A couple of weeks ago, HBO announced that it would begin offering an over-the-top digital streaming subscription service in 2015 circumventing the cable bundle package where it is usually available exclusively. They did not announce the price, but it will presumably be in the $7-9 per month Hulu/Netflix range. Not to be outdone, the CBS network announced the next day that it would be rolling out a similar subscription service called CBS All Access. For $5.99/month, subscribers have access to streaming on-demand most CBS shows, including CBS Classics like Star Trek and Twin Peaks, and live-viewing via mobile and desktop in 14 markets. With CBS' model, only their classics are ad-free.
So why is this a big deal?
I think this move from two of the strongest TV content providers reveals a lot. It reveals that the streaming model is here to stay, and has certainly disrupted the marketplace. Remember when digital streaming on Netflix was free with your DVD subscriptions? And then all of the hoopla when overnight they flipped the switch and started charging the same amount for streaming (for new customers)? At the time Netflix said it was the future, and licensing fees didn't allow them to not charge for this portion of the service. Besides being a PR nightmare (re: Quickster), they were right for the most part. And Netflix digital streaming subscription base has slowly grown to over 50 million worldwide, boosted in large part by stellar original content like House of Cards and Orange is the New Black.
Now traditional TV studios and content creators are competing in a very real way with Netflix as cord-cutting has become more than just a passing fad.

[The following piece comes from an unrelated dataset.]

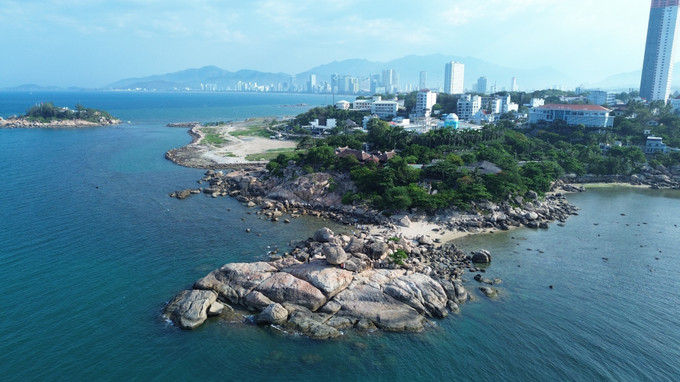 Danh lam thắng cảnh cấp quốc gia Hòn Chồng (phường Bắc Nha Trang, tỉnh Khánh Hòa). khanh-hoa3-0408.jpg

The best way to do that is by offering these competing digital services to access their premium content which they still own. Now it all makes sense why CBS has been the lone hold-out network to make its full content library available on Hulu. And why the Aereo legal fight went all the way to the Supreme Court is clear -- especially given the live-viewing aspect of All Access in 14 markets. Remaining in control of their content allows them to monetize it to the max, and these types of services were clearly in the works and are a large part of that plan.
How will this affect the consumer?
On the one hand, this is great news. It's the first step towards a truly unbundled, a la carte low-cost cable option. The market has been wanting it, some congressmen have argued for it, but Big Cable is in the pockets of so many legislators there has not been any meaningful advancement. With the Aereo win, and cord-cutting becoming a very real threat, these over-the-top services are starting to make economic sense for these companies. Thus they are developing them.

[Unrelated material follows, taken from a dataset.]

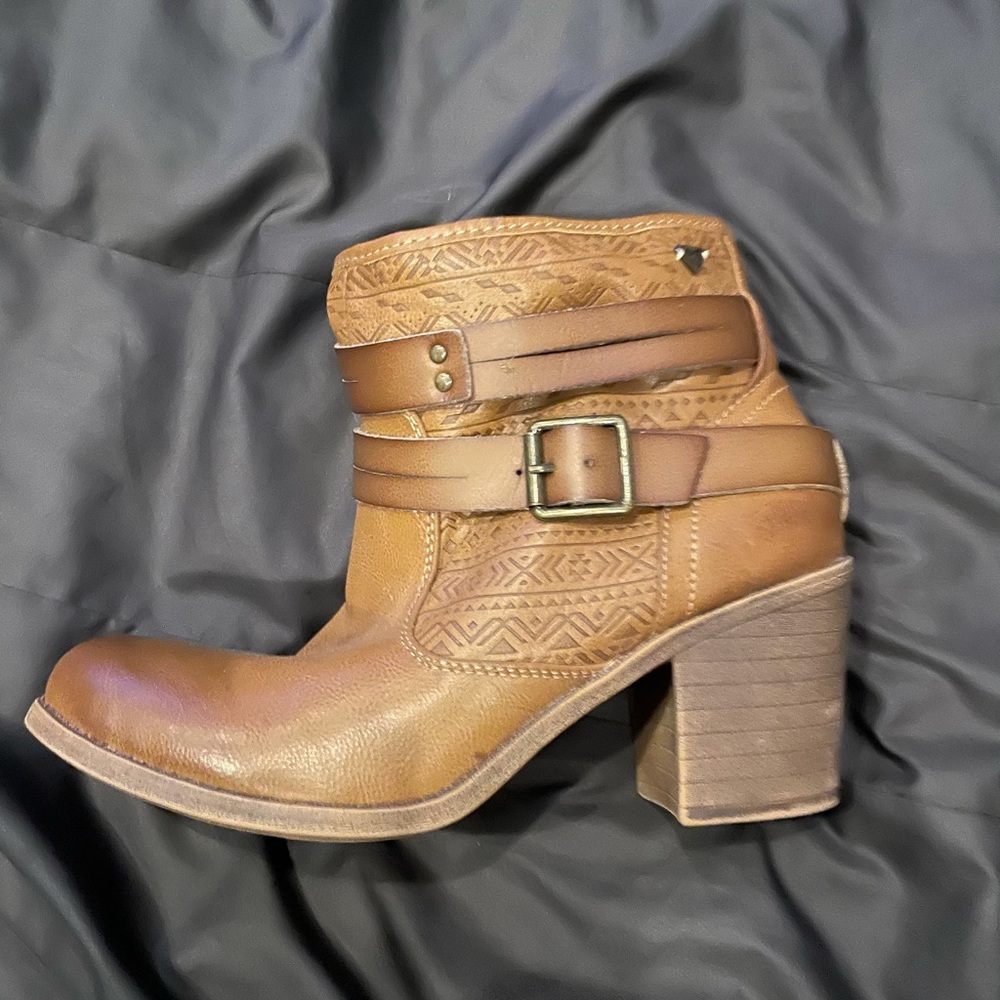 LIKE NEW Size 7 ROXY Tan Leather Booties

Is it all good news for consumers who will have access to premium content at a low cost? Not so fast, my friend - as Lee Corso of ESPN would say. His network, and most sports programming will likely never make live sports available via streaming. Too much money on the table in league deals. And as this article notes, cable companies (who just happen to be the ISP for most consumers) will make their money by charging for greater bandwidth. For most consumers, what is saved on TV programming to some extent will be spent in charges for higher speeds. Don't worry - Big Cable will get theirs.
How will this affect advertisers?
Well, I see this as a very good thing as well for brands. The DVR conditioned viewers to watch programs on their own time frame and skip ads. Netflix has reinforced that on-demand, ad-free viewing experience, but is lacking in the live TV, or even next day content. So I see this as an evolution of the DVR and an extension of video-on-demand. CBS' model does include ads. If the other networks jump on-board and at a lower price point than Hulu as CBS has, consumers could shift to cutting the cord, buying the networks they want, and having an all on-demand viewing experience at a much lower rate. They also save on DVR cost (which is nominal).
Now the good news for advertisers is that brands can get in front of these audiences again. With 49% of homes having DVRs brands can't be certain their prime messages are being seen, but in this on-demand, digital streaming scenario ads cannot be skipped. As the success of Hulu has shown, consumers don't seem to mind since they are getting the premium content they want and live or next day; plus it's on a limited basis with short commercial breaks. Also, CBS' service will be Nielsen-measured allowing for more reliable data on viewership and viewers. For buyers this could mean increased targeting and even data-driven buying a la programmatic. The potential good media ideas abound!
Will this happen overnight, if at all? Not likely. There are still considerable hurdles, like sports programming I mentioned, and how the current eco-system supports the long tail of cable. But I do think this is a huge tipping point that could overhaul the whole industry, shifting brands and media buyers from thinking about buying dayparts to purely an audience regardless of time a spot is viewed. Telling in both announcements is why they are doing it: to reach viewers they are missing in current models. This is the way to grow and all networks and cable channels know that. That's why I think this is a trend to watch.